I gave the standard American answer. History. Culture. Freedom. The Constitution. A kind of verbal shrug wrapped in confidence. It sounded coherent. It sounded practiced. It also didn’t really answer the question.
Because the question isn’t actually about guns. It’s about thresholds. Every country has problems. Some are worse than ours. Many are not. But we are the only country where this particular combination: availability, frequency, and normalization, has settled into the background noise of everyday life.² And once something becomes background noise, it becomes very hard to hear.

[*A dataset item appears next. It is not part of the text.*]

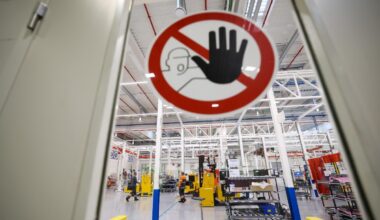 Bosch licenzia 13mila lavoratori, continua la crisi dell'automotive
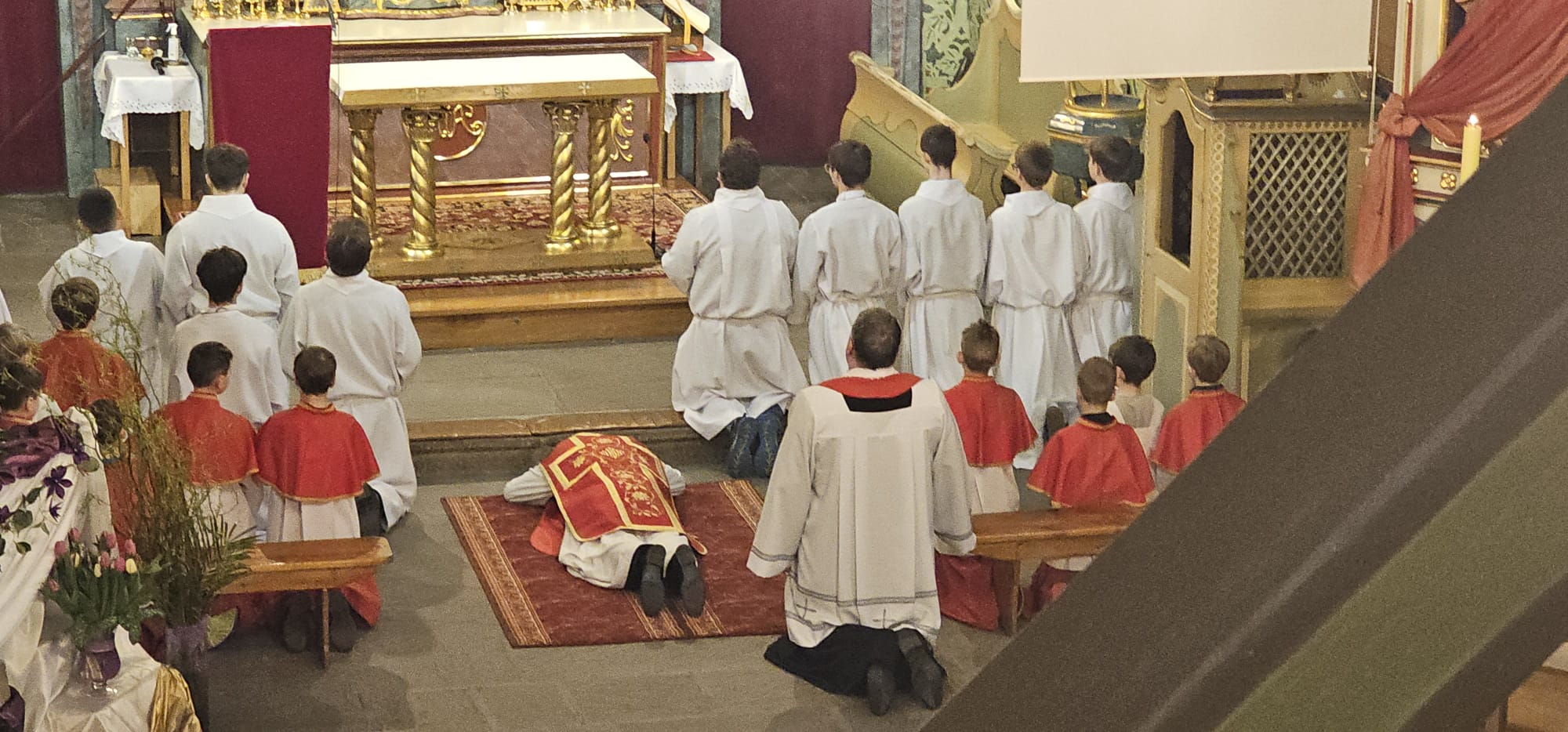 Wielki Piątek - Parafia Jawiszowice św. Marcina Bp.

• Civilian-owned firearms in the United States: ~400 million²
• Countries with more guns than people: one²
• Schoolchildren participating in active shooter drills: common enough to be routine³
And then there was Sandy Hook Elementary School.
Twenty children. Six adults. A place designed, very specifically, to be safe. If there were ever a moment where a country might collectively stop and say, “No. This is the line,” that was it. Except it wasn’t.
Nothing snapped. No cultural breaking point. No sustained, collective refusal. There was grief, there was outrage and then there was something else that is harder to name but easier to recognize.
Continuation.
Chris Rock (comedian) once joked, “You don’t need gun control. You know what you need? We need some bullet control.”⁴ It lands because it’s absurd. It also lands because it’s not entirely absurd. It exposes how we orbit around the mechanics of a problem without ever quite deciding to confront the center of it.
Which is this:
We have not decided what is unacceptable, then the line doesn’t hold. It moves. Quietly. Gradually. Almost politely. Until things that would have once been unthinkable become tragic, then familiar, then expected.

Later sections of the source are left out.